The alkaline earth metal is calcium or magnesium. Sodium is the preferred alkali metal.
Mixtures of metals can also be used. Preferred detergent components are from 9 to 80, preferably 16 per alkyl group or alkyl-substituted aromatic moiety having 3 to 70 carbon atoms.
It has a hydrocarbyl group containing an alkaryl group having up to 60 carbon atoms. Preferred anions of the detergent are
Sulfonates, phenates, sulfated phenates and mixtures thereof. The sulphonates can be prepared from sulphonic acids, which are typically sulphonated alkylated aromatic hydrocarbons, such as those obtained by fractionation of petroleum or obtained by alkylation of aromatic hydrocarbons. Is typically obtained by Examples are benzene, toluene, xylene, naphthalene,
Includes those obtained by alkylating diphenyl or its halogen derivatives such as chlorobenzene, chlorotoluene and chloronaphthalene.

The basicity of the detergent of the present invention is preferably expressed as the total number of bases (TBN). The total base number is the amount of acid required to neutralize all bases of the overbased material. The amount of the acid is expressed in equivalents of potassium hydroxide.
The TBN can be measured according to ASTM D-2896. Preferred substances according to the invention have a TBN of at least 150, preferably 450 or more. Particularly preferred are 150-
Calcium sulphonate, calcium carboxylate having a TBN in the range of 450, such as naphthenate, calcium phenate and calcium sulfated phenate. Although the detergents of the present invention do not exclude the presence of known overbased metal detergents, acceptable performance can usually be achieved without the need for such additional detergents.

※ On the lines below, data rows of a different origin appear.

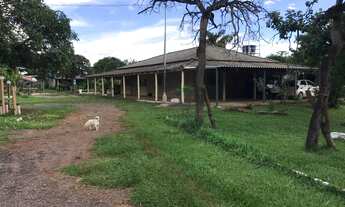 Imagem 7: Terreno - Ponte Alta - DF - 475 - 22.000 m²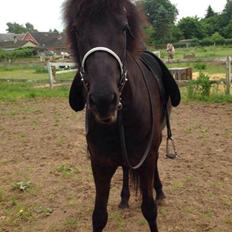Islænder ímnir fra Egeskov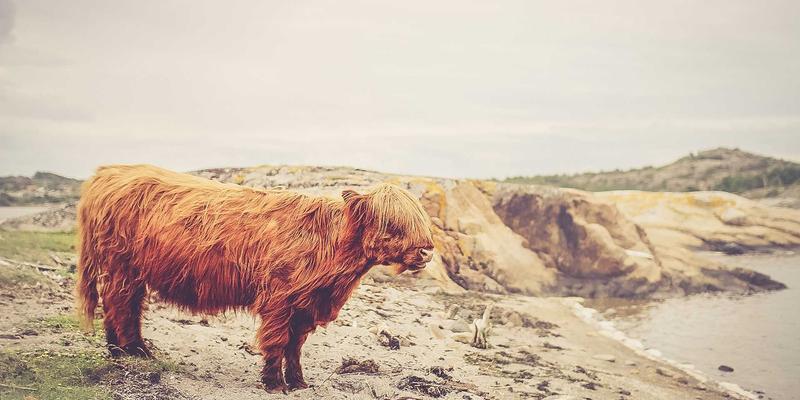 安全防护60：从防护装备到安全鞋，阿尔斯盾如何守护工业安全防线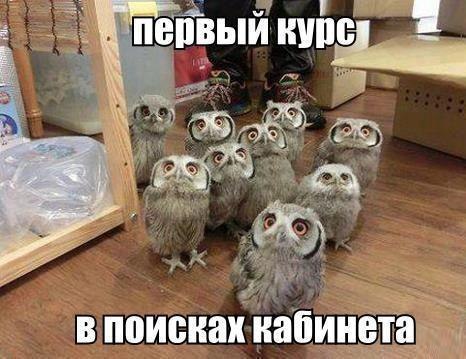 �������� ���� - 21 ����� 2016 � 04:30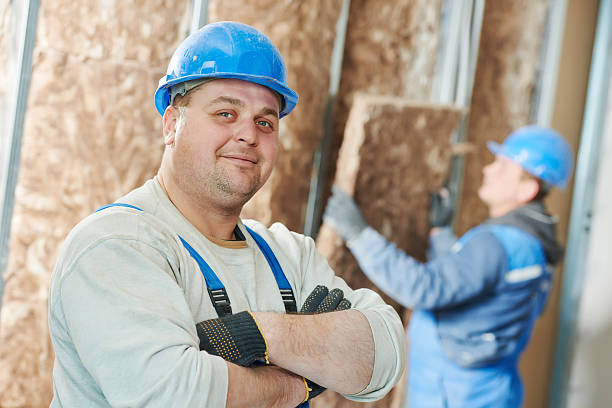 Best Energy Efficiency Insulation in Zionsville, IN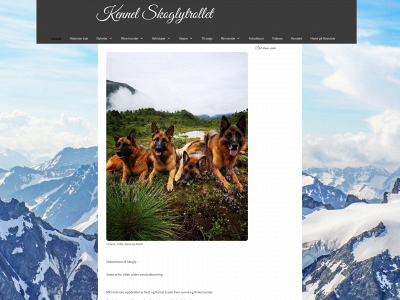 skoglytrollet.com snapshot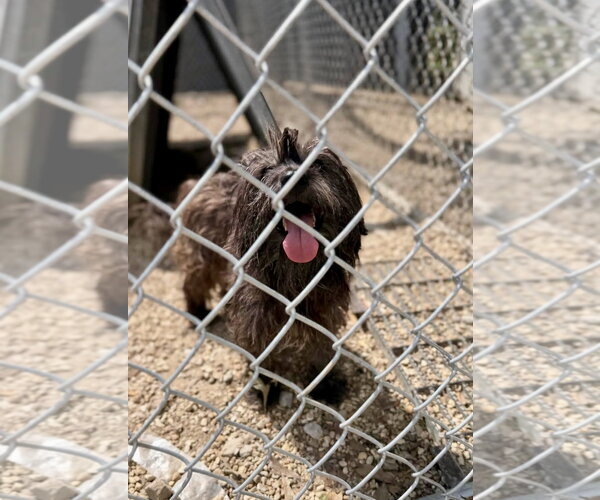 Medium Photo #1 Cairn Terrier-Unknown Mix Puppy For Sale in Oakhurst, NJ, USA
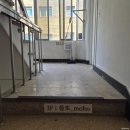 수다공주 | 대전 브라이덜샤워 중앙로역 몰또 파티룸 공주파티 후기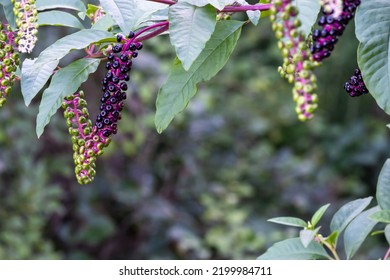 Wild Plant Phytolacca Americana, Note Shallow Depth Of Field. American Pokeweed, Pokeweed, Poke Sallet, Dragonberries A Herbal Plant And Source Of Food For Birds Selective Focus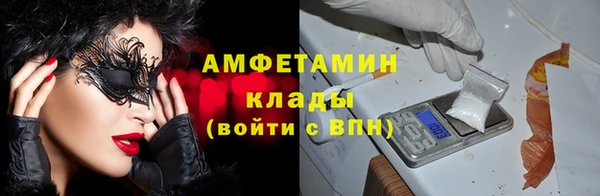 твердый Богородск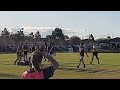 wrfl 2022 div3 wyndham suns vs tarneit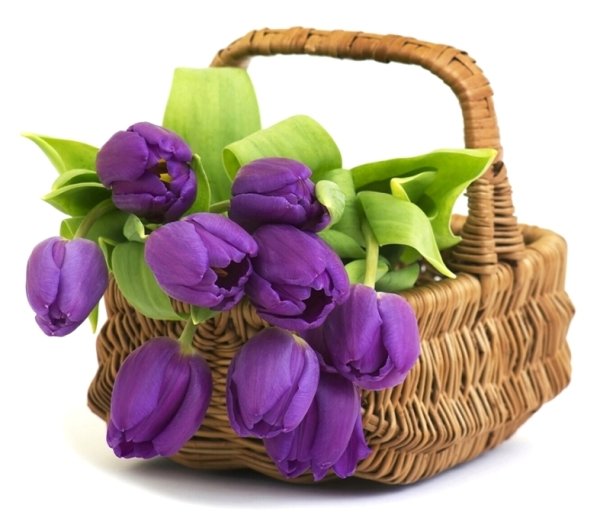 Корзинка с сиреневыми тюльпанами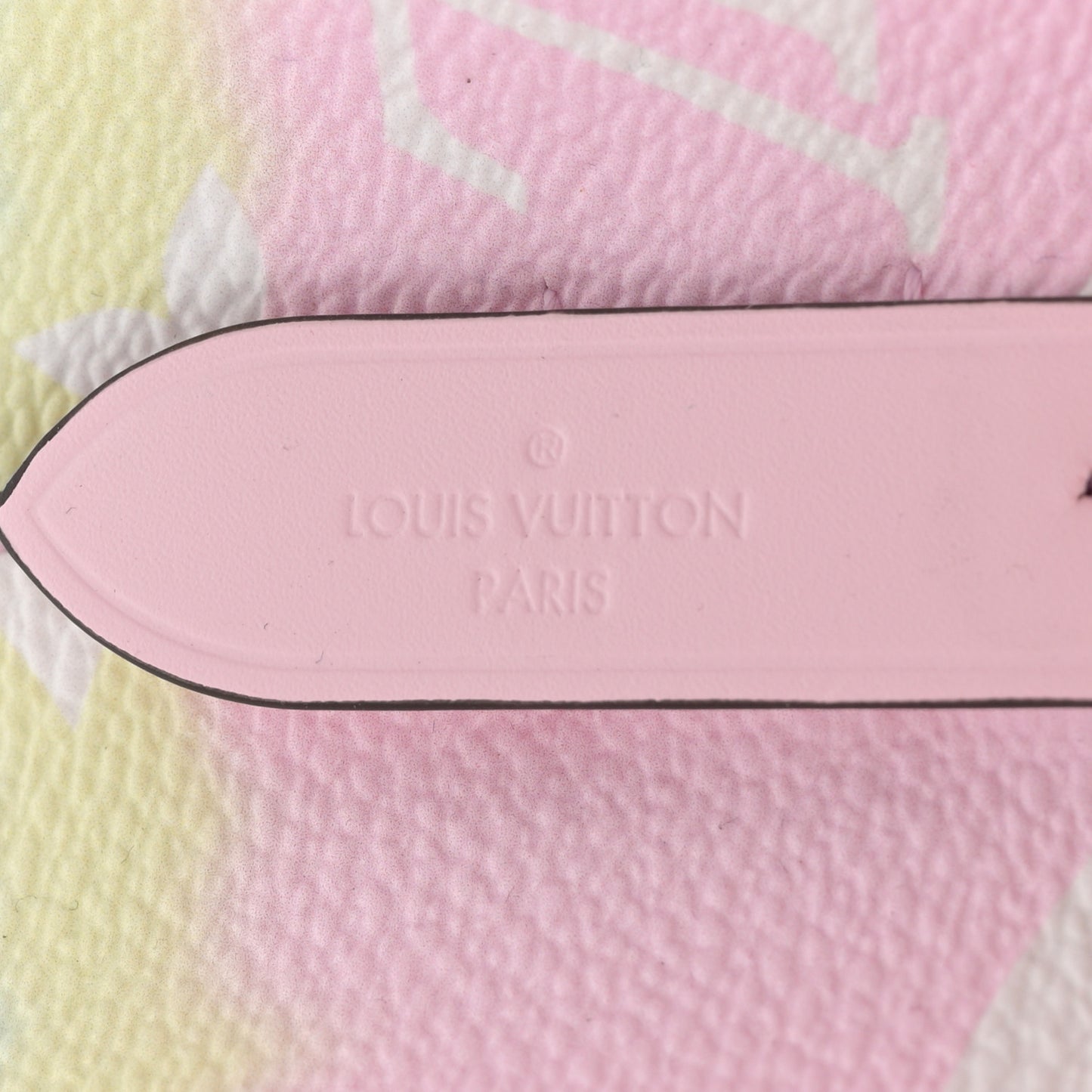 Monogram Escale Neonoe MM Pastel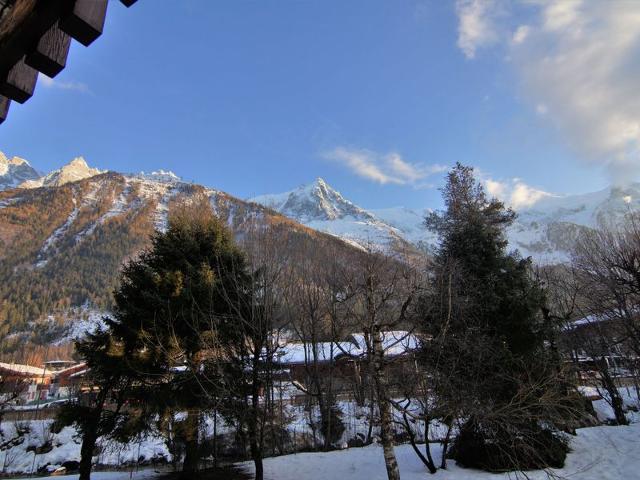 Flat Arve 1 et 2 - Chamonix Sud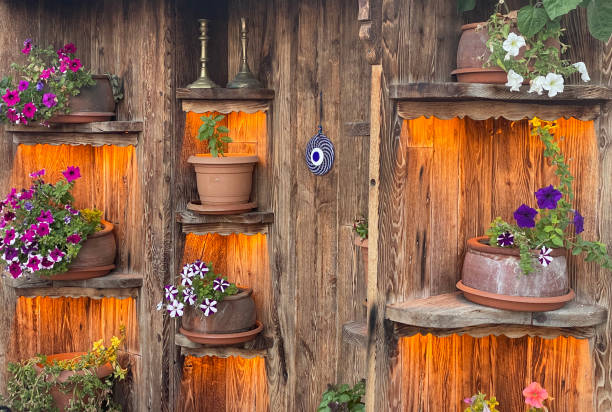 istock Flower Pots on Rustic Wooden Shelves 1443808757
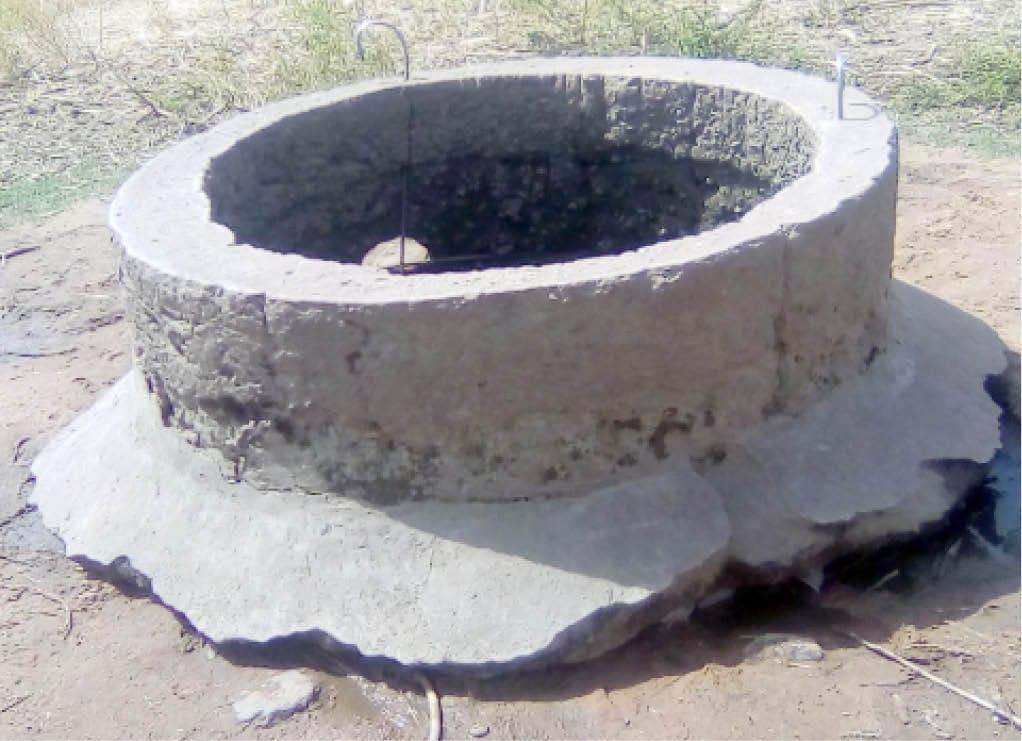 Kano Fire Service Saves Man, Cow From Well Ordeal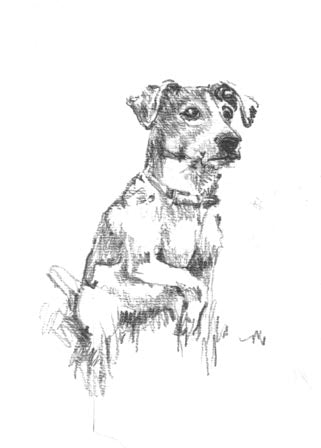 Oddballs Boxed Cards - Terrier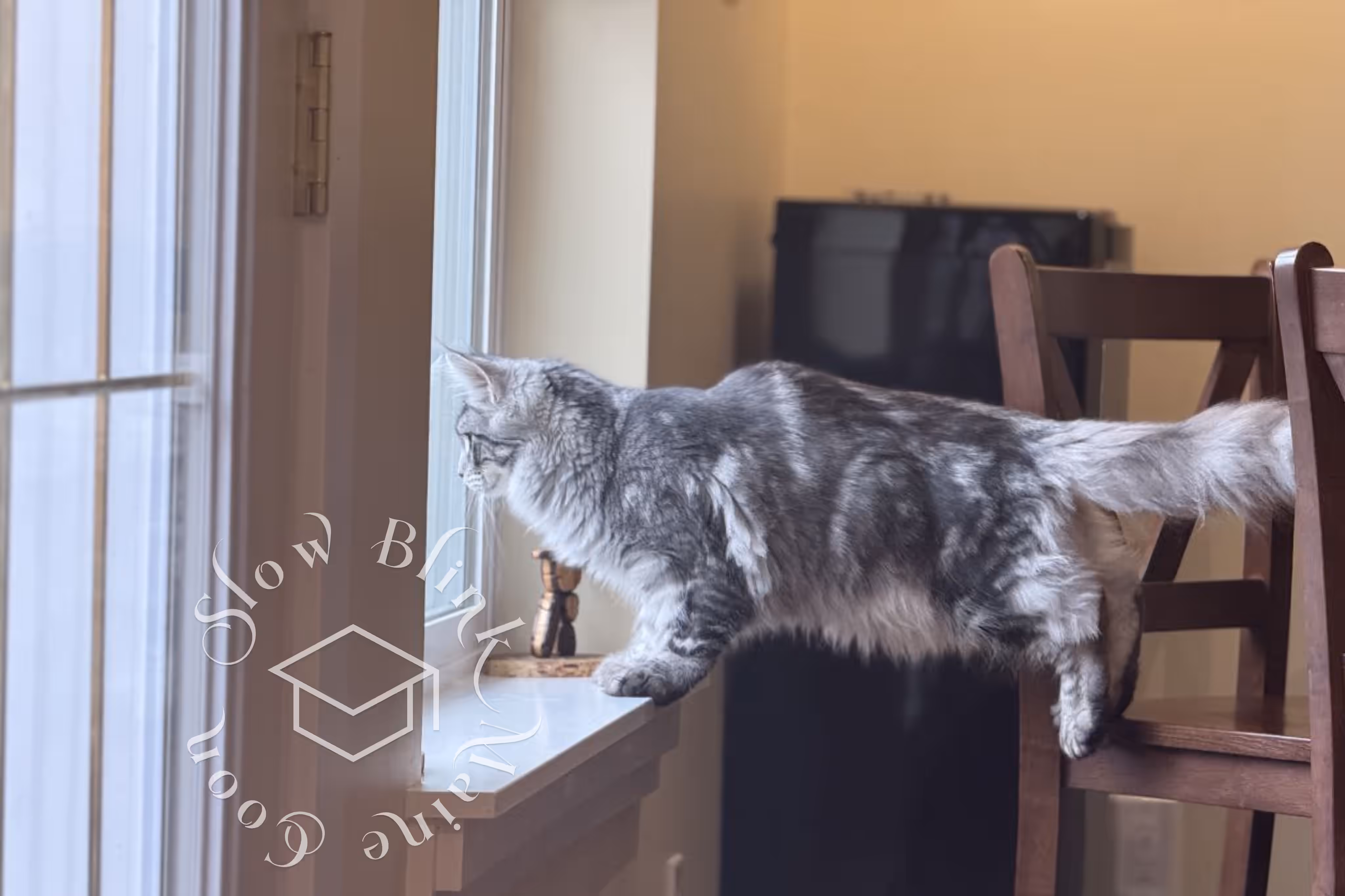 black silver tabby maine coon | ems code mco ns 22 | playing games | customer | taken mar 2025 | wide | male Customer Pictures of their Maine Coon Cats and Kittens who "Graduated" from SlowBlink MaineCoons > black silver tabby maine coon | ems code mco ns 22 | playing games | customer | taken mar 2025 | wide | male | idx 8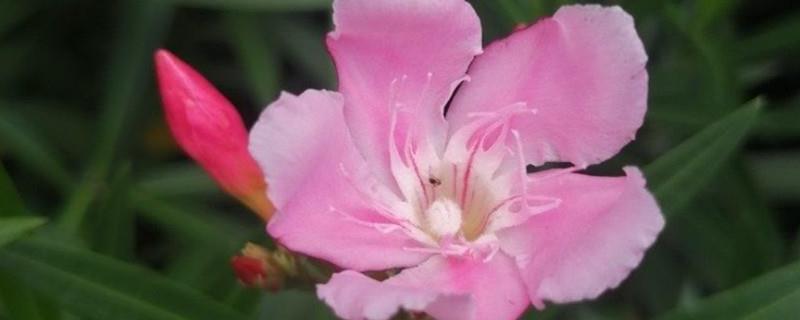 The difference between impatiens and oleander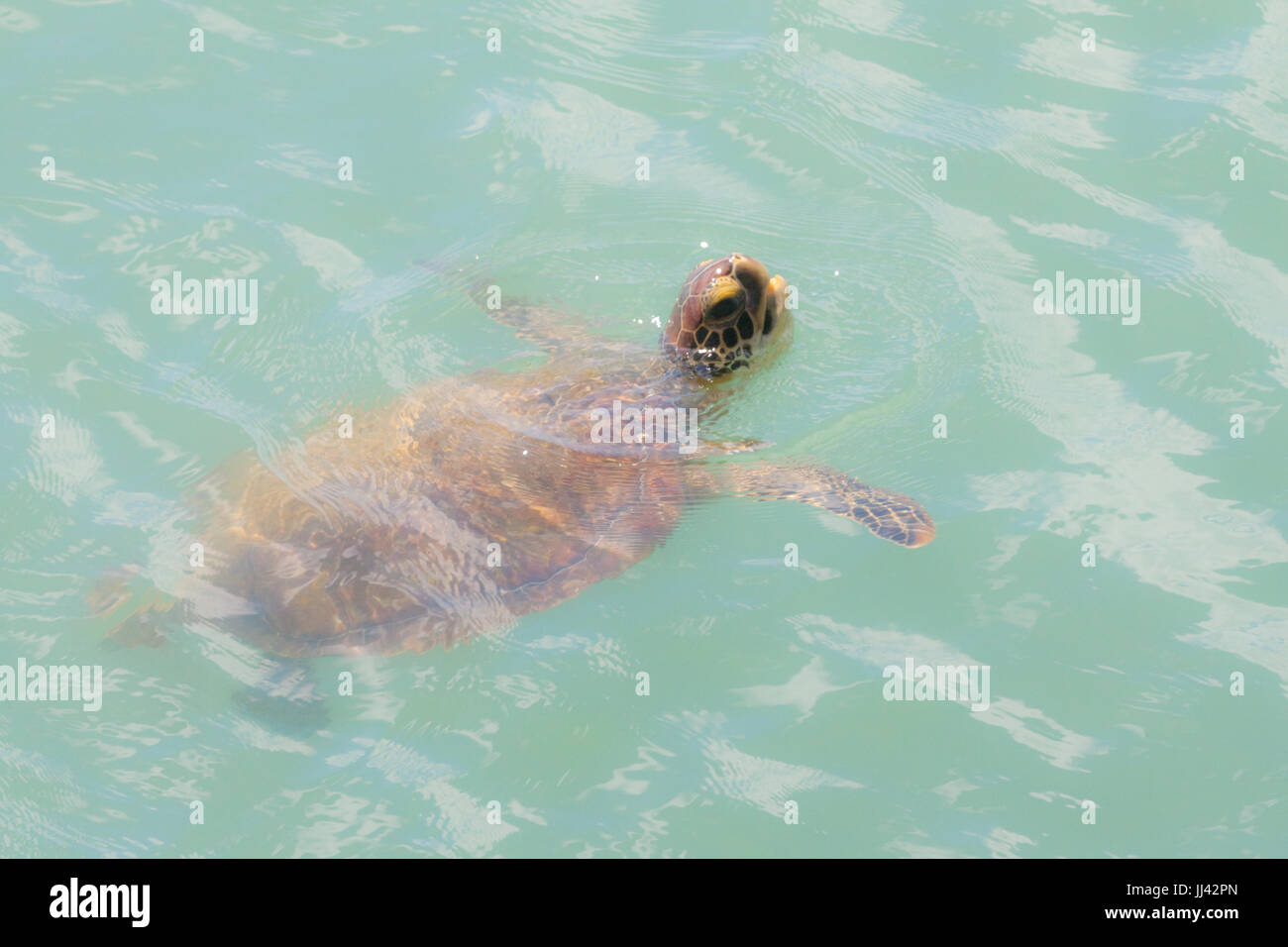 A sea turtle photographed at Salvation's islands, French Guiana. Stock Photo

As indicated above, commercial lubricants need to include a substantial range of additives, each serving to meet the stringent requirements of today's lubricants.
One of the most important of these is an ash-free dispersant, which must be present to keep the solid and liquid impurities formed during the useful life of the lubricant in suspension . The combination of this ash-free dispersant with other lubricity additives, especially the detergents, creates even more serious interaction problems. As a further advantage of the cleaning agents of the present invention, in some dispersant and cleaning agent combinations, the degree of this detrimental interaction is less than when using conventional overbased cleaning agents. And was observed to be reduced. This is because when the dispersant has a large number average molecular weight (Mn), for example, the Mn of the dispersant is at least
It is particularly pronounced when it is less than 1500, preferably at least 2500, more preferably at least 3000 and less than 10,000. As mentioned above, the cleaning agent of the present invention, after all,
In end use, it will be present in diluted form, in combination with the oil, which has a lubricating viscosity that protects and improves. For convenience in handling and transport, the cleaning agents of the present invention can also be present in a concentrated form in a diluent (or carrier oil), wherein the diluent is the same as the oil to be protected. May be something.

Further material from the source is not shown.